— Taisez-vous !… » cria Claircœur, dans une telle agitation, qu’il se reprit :

— « Je veux dire… Je ne parle pas des dettes matérielles. Mais tout ce que vous avez été pour votre filleule… Cette enfant, que vous avez élevée. Et moi, ce que vous avez été pour moi, que vous connaissiez à peine… Votre générosité, votre confiance… votre… votre amitié… Ah ! j’ai goûté tout le charme de vos sentiments délicieux. Je ne suis pas un ingrat, mon adorable amie. Moi aussi, j’ai partagé…

— Taisez-vous… » murmura-t-elle.

— « Mais », poursuivit le jeune homme, « est-il pour vous un bonheur plus précieux que celui de votre Gilberte ?… Ah ! comme elle vous aime, comme nous vous aimerons !… »

Il s’approchait, il s’agenouillait, il lui effleura la main.

Elle ne dit plus : « Taisez-vous ! » mais d’un geste de cette main, vivement retirée, elle lui imposait silence.

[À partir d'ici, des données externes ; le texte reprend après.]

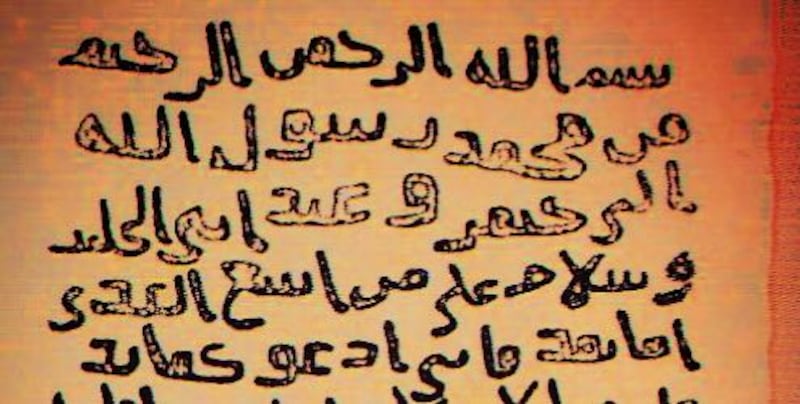 الحوار التاريخي الذي أدخل أهل عمان في الإسلام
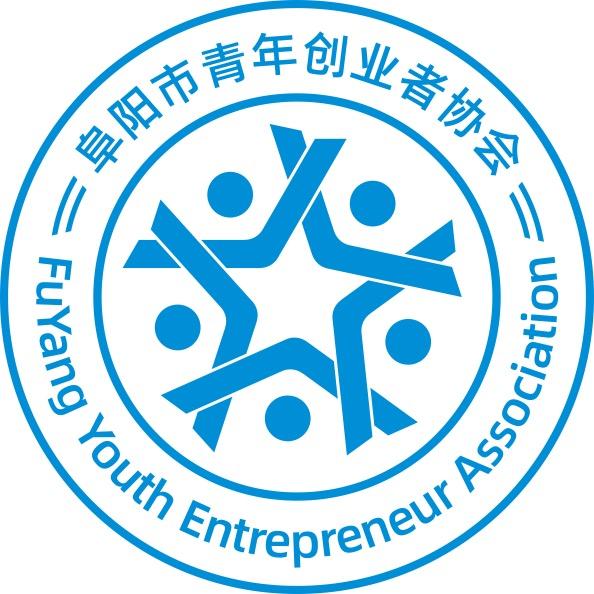 阜阳市青年创业者协会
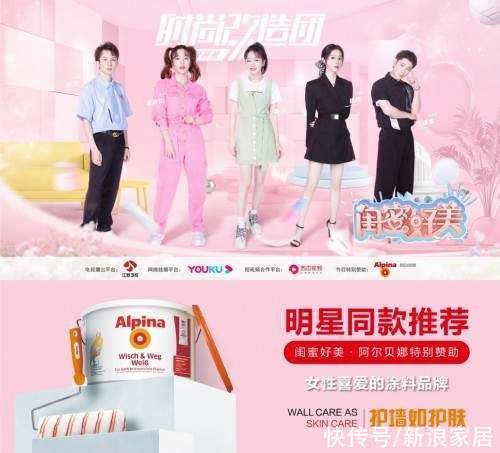 品牌|阿尔贝娜跨界牵手《闺蜜好美》，种草女性喜爱涂料品牌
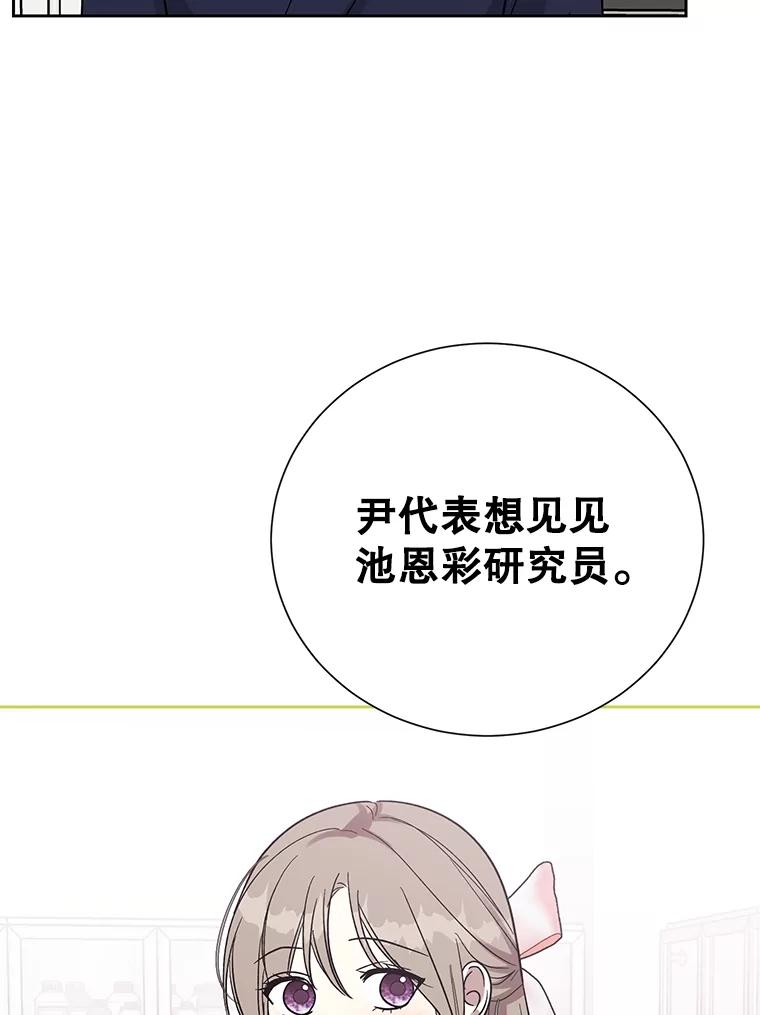 《热恋教学》50.梦中男子 第107页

— « J’en suis sûre… Je sais… Allez chercher votre fiancée. »

Gilberte, dans sa chambre, tremblait d’émotion. Elle regardait son arbre, « son parc », le vieil orme où nichaient ses rêves. Et un effroi lui tordait les nerfs, parce que, précisément ce jour-là, — ce jour de fin novembre, — on était en train de l’abattre.

Des hommes, grimpés à l’aide de crampons et de cordes, sciaient d’abord les hautes branches, car le géant n’eût pu tomber d’une seule masse sans endommager les constructions voisines.